Schulen brauchen Sozialarbeit

Schulsozialarbeit: Die Politik will, dass mehr Sozialpädagogen an den Schulen eingesetzt werden. Doch sind 1,5 Stellen genug?

Ratingen. Monique Büsch-Krömer hat gut zu tun, an diesem Morgen. Es ist 7.30Uhr in der Friedrich-Ebert-Realschule. Eine halbe Stunde vor Unterrichtsbeginn füllt sich das Lehrerzimmer. Und draußen treffen die rund 400 Schüler allmählich ein.

Ein Kollege nimmt die Schulsozialarbeiterin beiseite. Er wünscht ein vertrauliches Gespräch, hat ein Problem mit einer Klasse. Eine Lehrerin schlägt vor, Schülerin Lara (14) anzusprechen. "Sie wirkt abwesend. Da stimmt was nicht."

Im Kalender der 38-jährigen stehen schon Termine. Timo (15) kommt um 8.45 Uhr. Büsch-Krömer weiß, dass er von häuslicher Gewalt berichten wird.
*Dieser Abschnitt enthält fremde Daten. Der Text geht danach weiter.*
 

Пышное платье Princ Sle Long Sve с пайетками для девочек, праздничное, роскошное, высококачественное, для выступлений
Nina (14) hat sie zu sich gebeten, weil ihr aufgefallen ist, dass das Mädchen extrem abgenommen hat. Und Sven (15), einst Schulschwänzer, kommt heute wohl zum vorerst letzten Mal. Gespräche, dranbleiben, nachfragen, Interesse zeigen - all das war bei ihm erfolgreich.

"In der Tat hätten wir damit mehr Luft in der ,normalen’ Schulsozialarbeit", rechnet Sozialdezernent Rolf Steuwe vor. Modelle, wie die 1,5 Stellen auf die Schulen verteilt werden, werden in der Verwaltung zurzeit durchgespielt. "Schwerpunktmäßig könnten die Realschulen und Gymnasien versorgt werden, also die, die bislang unversorgt sind."
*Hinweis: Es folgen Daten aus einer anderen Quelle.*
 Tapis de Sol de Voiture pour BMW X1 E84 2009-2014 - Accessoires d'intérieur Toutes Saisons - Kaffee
An den Hauptschulen und der Gesamtschule gibt es bereits öffentlich finanzierte Sozialarbeiter. An allen anderen Schulen sind Streitschlichter oder Lehrer mit Zusatzausbildung im Einsatz. Die Friedrich-Ebert-Schule finanziert Monique Büsch-Krömer sogar selbst. Erlöse aus Schulveranstaltungen fließen in einen Topf, aus dem ihr Gehalt gezahlt wird.

"Für alle Beteiligten eine reichlich unzufriedenstellende Situation", sagt Schulleiterin Angelika Melzer. Jedes Jahr wieder stehe man vor der Frage, ob die Sozialarbeit weiter geht. Anfangs reichte das Geld an der Realschule Mitte für 19,25Wochenstunden. Im Schuljahr 2005/2006 war nur noch Geld für sechs Stunden da. Zurzeit sind es 16Stunden. Die Sozialpädagogin sagt: "Eigentlich könnte ich Vollzeit arbeiten. Zu tun gibt es genug."
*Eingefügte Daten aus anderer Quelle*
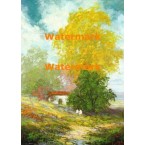 Hillside House  - #XRA1064  -  PRINT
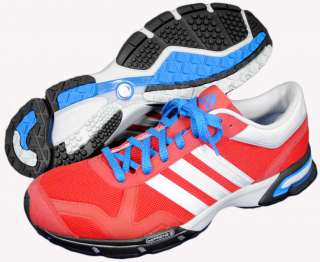 ADIDAS Men Shoes Marathon 10 Red Grey Athletic Shoes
Wohlgemerkt: Die Friedrich-Ebert-Schule ist alles andere als eine "Brennpunktschule". Gewalt, Waffen, Drogen - das sind Großstadtprobleme, die es an der Philippstraße nicht gibt. Und doch: Auch hier spiegelt sich die Gesellschaft. Auch hier gibt es Opfer von Scheidungskrieg, emotionaler Kälte oder Missbrauch.

Dass 1,5 weitere Stellen für das ganze Stadtgebiet ausreichen, bezweifelt man an der "FES" - aus eigener Erfahrung mit knappen Stundenbudgets. "Da wird nur die Illusion geschaffen, dass da jemand ist." Rolf Steuwe ist zuversichtlich: "Das sind 60zusätzliche Stunden." Ein Maß, mit dem sich arbeiten lasse. Insgesamt würden die zusätzlichen Schulsozialarbeiter-Stellen die Stadt rund 80000Euro im Jahr kosten. Ist der Rat der Stadt einverstanden , können die Stellen Anfang 2008 geschaffen werden.